** BRIEF **
For the data that follows, return each line unchanged and drop the pictures.

** SUPPLIED MATERIAL **
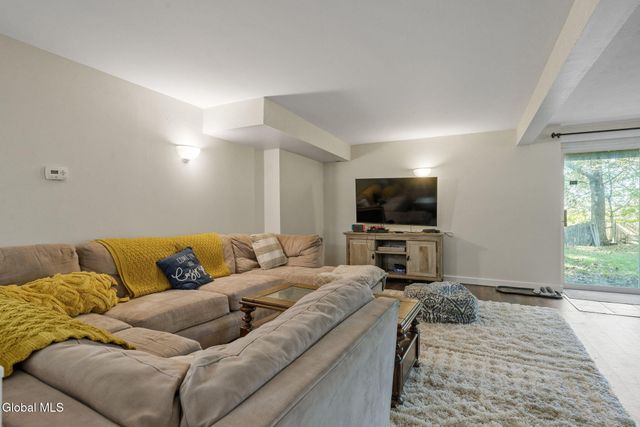 13 Tracey Court, Troy, NY 12180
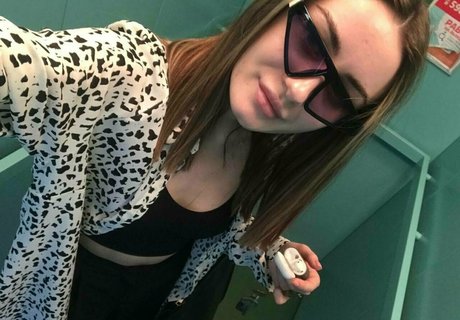 yanasugarr star exclusive image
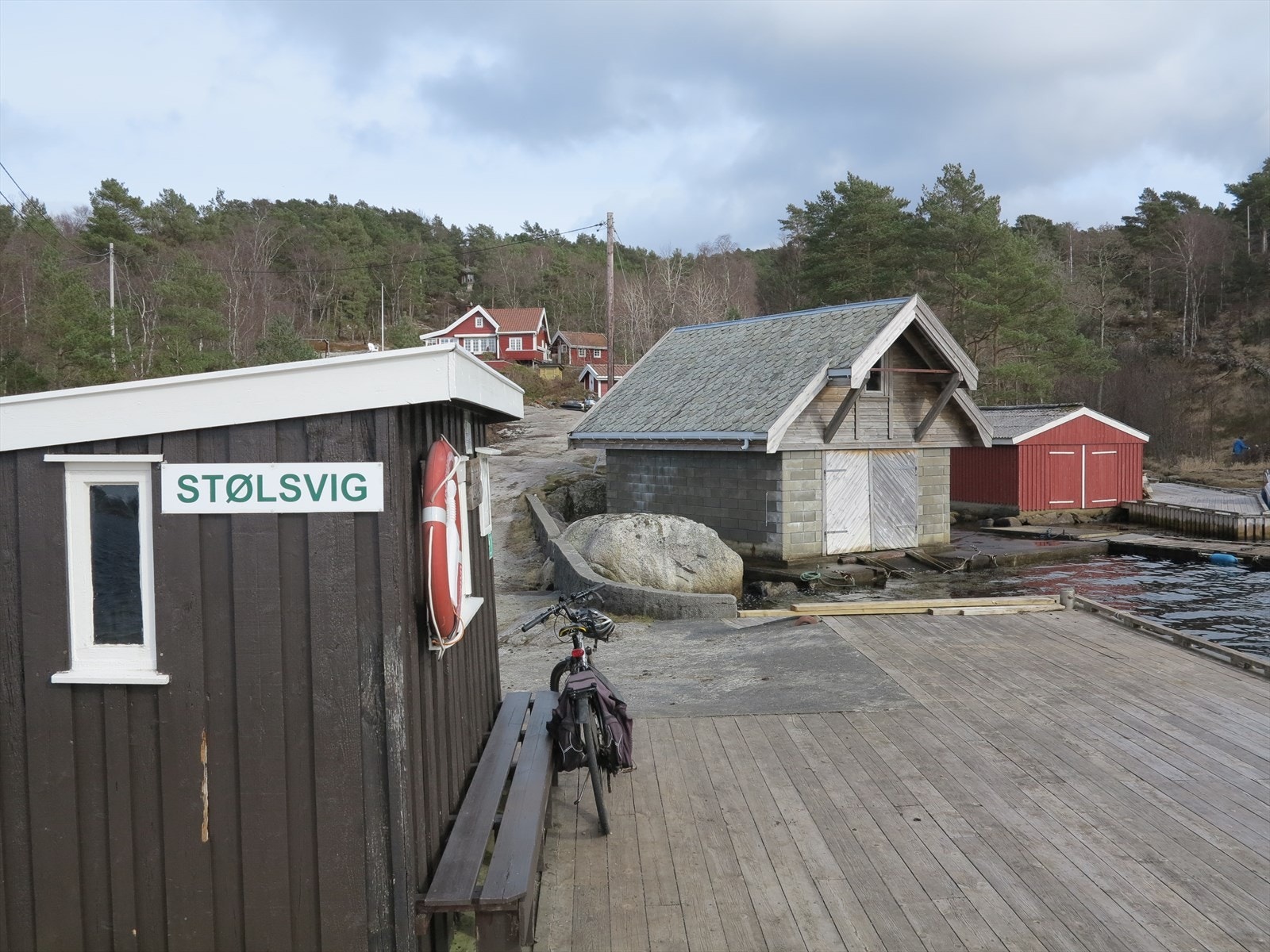 Hurtigbåtanløp ca. 30 min. gangavstand fra hytta. Ta båten til Stavanger! Galleribilde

** RESULT OF THE TASK **
 13 Tracey Court, Troy, NY 12180
 yanasugarr star exclusive image
 Hurtigbåtanløp ca. 30 min. gangavstand fra hytta. Ta båten til Stavanger! Galleribilde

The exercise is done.